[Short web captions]
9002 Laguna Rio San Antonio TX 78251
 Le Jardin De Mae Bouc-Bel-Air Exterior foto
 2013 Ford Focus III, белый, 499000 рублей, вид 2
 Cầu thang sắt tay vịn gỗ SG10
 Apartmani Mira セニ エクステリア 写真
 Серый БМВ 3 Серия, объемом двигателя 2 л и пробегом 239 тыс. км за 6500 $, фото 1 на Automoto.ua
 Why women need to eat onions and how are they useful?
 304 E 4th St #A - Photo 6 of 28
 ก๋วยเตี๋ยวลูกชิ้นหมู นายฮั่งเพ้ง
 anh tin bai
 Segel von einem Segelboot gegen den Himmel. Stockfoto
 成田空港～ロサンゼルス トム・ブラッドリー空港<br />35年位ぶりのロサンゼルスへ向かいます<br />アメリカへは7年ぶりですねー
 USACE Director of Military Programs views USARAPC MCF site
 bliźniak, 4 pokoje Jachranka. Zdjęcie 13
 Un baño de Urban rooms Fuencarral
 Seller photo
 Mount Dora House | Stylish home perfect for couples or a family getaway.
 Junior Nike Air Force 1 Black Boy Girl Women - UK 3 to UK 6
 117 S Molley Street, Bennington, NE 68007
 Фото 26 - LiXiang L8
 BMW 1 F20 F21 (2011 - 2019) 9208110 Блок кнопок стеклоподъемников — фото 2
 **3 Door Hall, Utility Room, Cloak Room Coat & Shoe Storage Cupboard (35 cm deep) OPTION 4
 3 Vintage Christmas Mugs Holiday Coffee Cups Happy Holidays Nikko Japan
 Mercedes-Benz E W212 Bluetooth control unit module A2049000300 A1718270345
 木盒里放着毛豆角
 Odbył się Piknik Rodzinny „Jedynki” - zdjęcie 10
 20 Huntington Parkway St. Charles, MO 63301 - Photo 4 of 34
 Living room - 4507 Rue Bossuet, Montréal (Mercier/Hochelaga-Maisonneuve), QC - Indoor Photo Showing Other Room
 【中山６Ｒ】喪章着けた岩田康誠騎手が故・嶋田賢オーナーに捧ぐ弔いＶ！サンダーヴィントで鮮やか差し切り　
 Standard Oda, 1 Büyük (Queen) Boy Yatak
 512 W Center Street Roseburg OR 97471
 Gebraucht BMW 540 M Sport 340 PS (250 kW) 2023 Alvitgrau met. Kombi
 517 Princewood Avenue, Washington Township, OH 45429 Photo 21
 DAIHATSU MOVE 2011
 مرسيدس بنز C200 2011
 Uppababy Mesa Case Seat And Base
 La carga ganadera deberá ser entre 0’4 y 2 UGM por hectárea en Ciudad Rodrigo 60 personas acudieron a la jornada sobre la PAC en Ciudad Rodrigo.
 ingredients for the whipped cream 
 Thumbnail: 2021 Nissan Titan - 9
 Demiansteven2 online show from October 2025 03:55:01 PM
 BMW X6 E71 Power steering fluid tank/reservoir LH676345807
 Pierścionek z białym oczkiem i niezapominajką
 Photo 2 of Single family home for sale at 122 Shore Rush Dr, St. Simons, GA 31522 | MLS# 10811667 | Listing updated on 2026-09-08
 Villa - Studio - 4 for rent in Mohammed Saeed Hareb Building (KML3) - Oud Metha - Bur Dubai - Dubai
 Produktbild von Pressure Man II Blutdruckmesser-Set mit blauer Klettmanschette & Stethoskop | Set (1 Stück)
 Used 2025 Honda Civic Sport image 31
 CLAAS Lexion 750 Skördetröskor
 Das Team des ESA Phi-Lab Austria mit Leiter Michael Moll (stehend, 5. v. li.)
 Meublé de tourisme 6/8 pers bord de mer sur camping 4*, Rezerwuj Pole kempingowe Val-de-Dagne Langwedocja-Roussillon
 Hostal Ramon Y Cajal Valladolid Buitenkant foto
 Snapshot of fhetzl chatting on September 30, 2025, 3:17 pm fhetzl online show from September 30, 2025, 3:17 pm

### [WHAT YOU SHOULD DO]
Copy each entry above exactly, character for character.

### [RESULT OF THIS EXERCISE]
9002 Laguna Rio San Antonio TX 78251
 Le Jardin De Mae Bouc-Bel-Air Exterior foto
 2013 Ford Focus III, белый, 499000 рублей, вид 2
 Cầu thang sắt tay vịn gỗ SG10
 Apartmani Mira セニ エクステリア 写真
 Серый БМВ 3 Серия, объемом двигателя 2 л и пробегом 239 тыс. км за 6500 $, фото 1 на Automoto.ua
 Why women need to eat onions and how are they useful?
 304 E 4th St #A - Photo 6 of 28
 ก๋วยเตี๋ยวลูกชิ้นหมู นายฮั่งเพ้ง
 anh tin bai
 Segel von einem Segelboot gegen den Himmel. Stockfoto
 成田空港～ロサンゼルス トム・ブラッドリー空港<br />35年位ぶりのロサンゼルスへ向かいます<br />アメリカへは7年ぶりですねー
 USACE Director of Military Programs views USARAPC MCF site
 bliźniak, 4 pokoje Jachranka. Zdjęcie 13
 Un baño de Urban rooms Fuencarral
 Seller photo
 Mount Dora House | Stylish home perfect for couples or a family getaway.
 Junior Nike Air Force 1 Black Boy Girl Women - UK 3 to UK 6
 117 S Molley Street, Bennington, NE 68007
 Фото 26 - LiXiang L8
 BMW 1 F20 F21 (2011 - 2019) 9208110 Блок кнопок стеклоподъемников — фото 2
 **3 Door Hall, Utility Room, Cloak Room Coat & Shoe Storage Cupboard (35 cm deep) OPTION 4
 3 Vintage Christmas Mugs Holiday Coffee Cups Happy Holidays Nikko Japan
 Mercedes-Benz E W212 Bluetooth control unit module A2049000300 A1718270345
 木盒里放着毛豆角
 Odbył się Piknik Rodzinny „Jedynki” - zdjęcie 10
 20 Huntington Parkway St. Charles, MO 63301 - Photo 4 of 34
 Living room - 4507 Rue Bossuet, Montréal (Mercier/Hochelaga-Maisonneuve), QC - Indoor Photo Showing Other Room
 【中山６Ｒ】喪章着けた岩田康誠騎手が故・嶋田賢オーナーに捧ぐ弔いＶ！サンダーヴィントで鮮やか差し切り　
 Standard Oda, 1 Büyük (Queen) Boy Yatak
 512 W Center Street Roseburg OR 97471
 Gebraucht BMW 540 M Sport 340 PS (250 kW) 2023 Alvitgrau met. Kombi
 517 Princewood Avenue, Washington Township, OH 45429 Photo 21
 DAIHATSU MOVE 2011
 مرسيدس بنز C200 2011
 Uppababy Mesa Case Seat And Base
 La carga ganadera deberá ser entre 0’4 y 2 UGM por hectárea en Ciudad Rodrigo 60 personas acudieron a la jornada sobre la PAC en Ciudad Rodrigo.
 ingredients for the whipped cream 
 Thumbnail: 2021 Nissan Titan - 9
 Demiansteven2 online show from October 2025 03:55:01 PM
 BMW X6 E71 Power steering fluid tank/reservoir LH676345807
 Pierścionek z białym oczkiem i niezapominajką
 Photo 2 of Single family home for sale at 122 Shore Rush Dr, St. Simons, GA 31522 | MLS# 10811667 | Listing updated on 2026-09-08
 Villa - Studio - 4 for rent in Mohammed Saeed Hareb Building (KML3) - Oud Metha - Bur Dubai - Dubai
 Produktbild von Pressure Man II Blutdruckmesser-Set mit blauer Klettmanschette & Stethoskop | Set (1 Stück)
 Used 2025 Honda Civic Sport image 31
 CLAAS Lexion 750 Skördetröskor
 Das Team des ESA Phi-Lab Austria mit Leiter Michael Moll (stehend, 5. v. li.)
 Meublé de tourisme 6/8 pers bord de mer sur camping 4*, Rezerwuj Pole kempingowe Val-de-Dagne Langwedocja-Roussillon
 Hostal Ramon Y Cajal Valladolid Buitenkant foto
 Snapshot of fhetzl chatting on September 30, 2025, 3:17 pm fhetzl online show from September 30, 2025, 3:17 pm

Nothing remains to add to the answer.